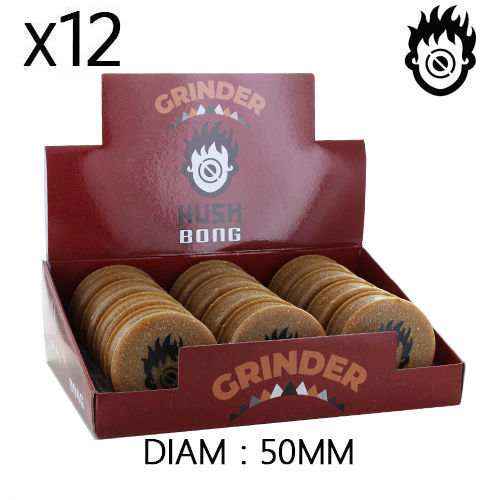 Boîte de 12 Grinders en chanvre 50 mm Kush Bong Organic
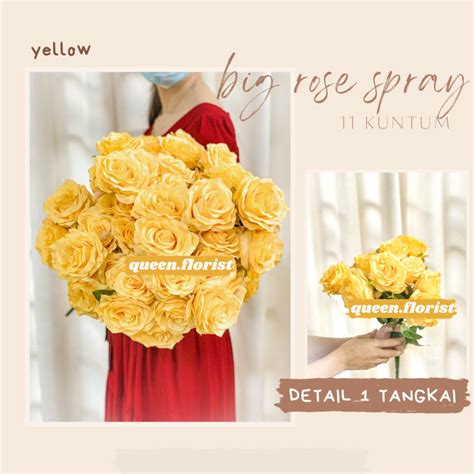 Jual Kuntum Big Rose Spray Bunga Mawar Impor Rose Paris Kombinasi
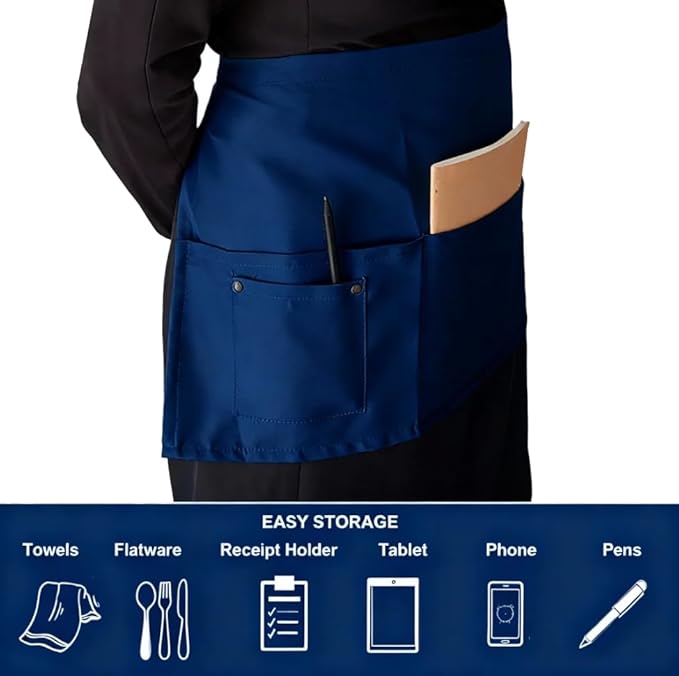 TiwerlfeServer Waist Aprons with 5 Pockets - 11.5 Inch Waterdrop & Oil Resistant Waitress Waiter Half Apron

---

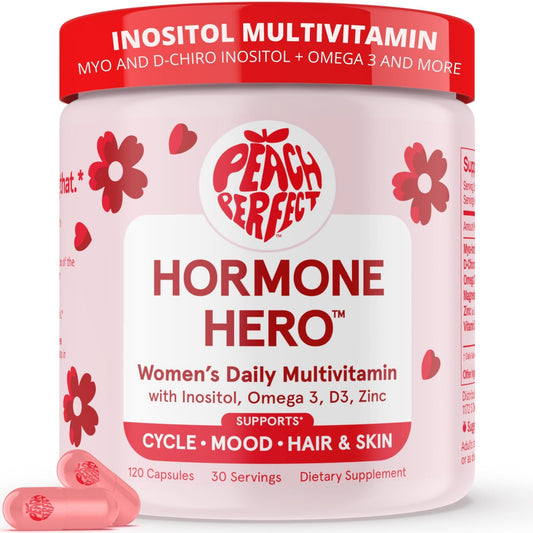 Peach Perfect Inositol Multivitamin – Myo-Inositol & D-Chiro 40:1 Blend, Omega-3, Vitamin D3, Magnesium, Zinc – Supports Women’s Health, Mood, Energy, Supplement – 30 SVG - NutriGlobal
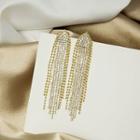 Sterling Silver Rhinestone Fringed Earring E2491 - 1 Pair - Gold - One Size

...

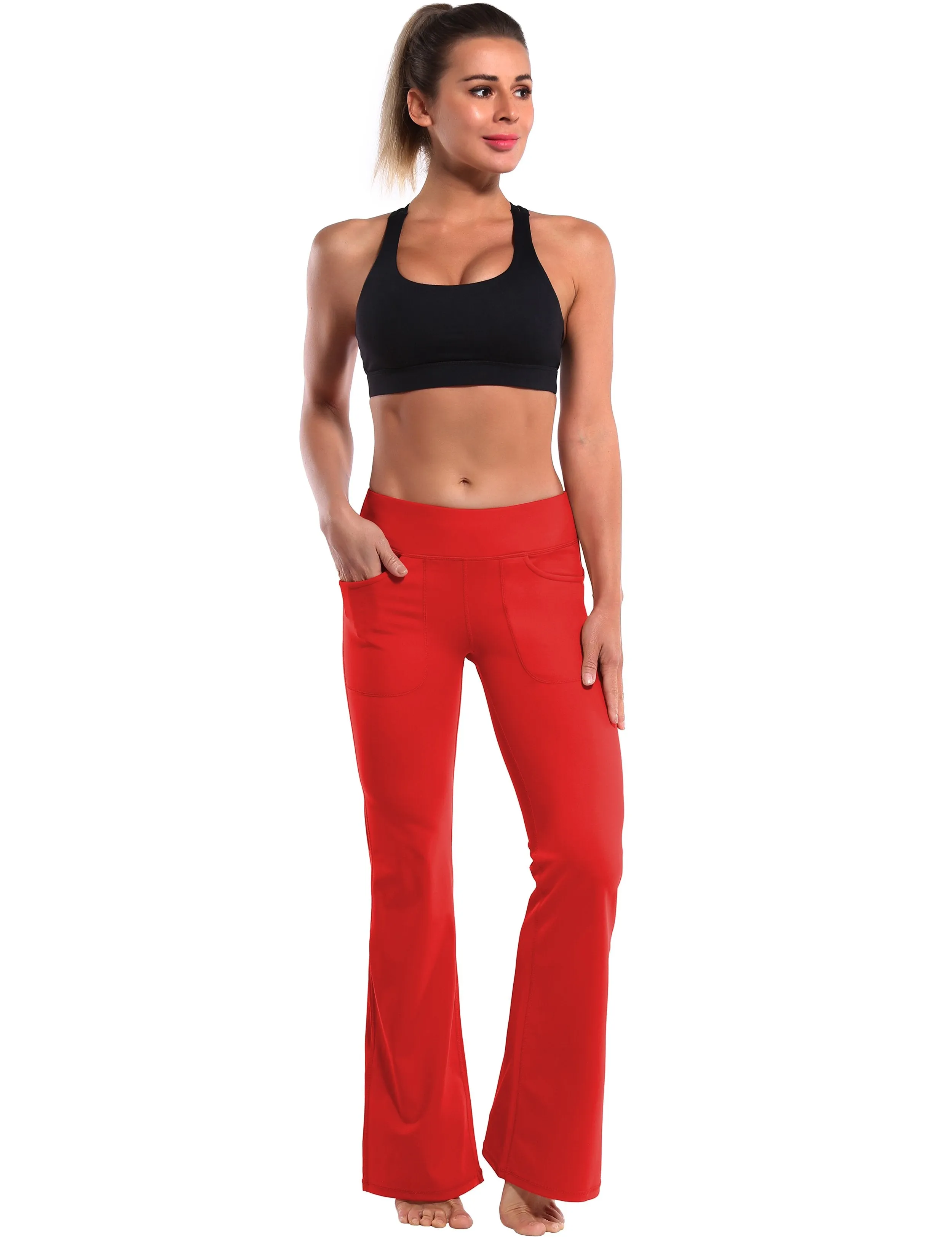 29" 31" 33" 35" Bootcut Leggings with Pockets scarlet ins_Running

**Exercise goal**:
Copy exactly the part of the material above that opens with the line containing "Boîte de 12" and closes with the line containing "TiwerlfeServer Waist Aprons", ends included. Drop the images.

**Result of this exercise**:
 Boîte de 12 Grinders en chanvre 50 mm Kush Bong Organic
 Jual Kuntum Big Rose Spray Bunga Mawar Impor Rose Paris Kombinasi
 TiwerlfeServer Waist Aprons with 5 Pockets - 11.5 Inch Waterdrop & Oil Resistant Waitress Waiter Half Apron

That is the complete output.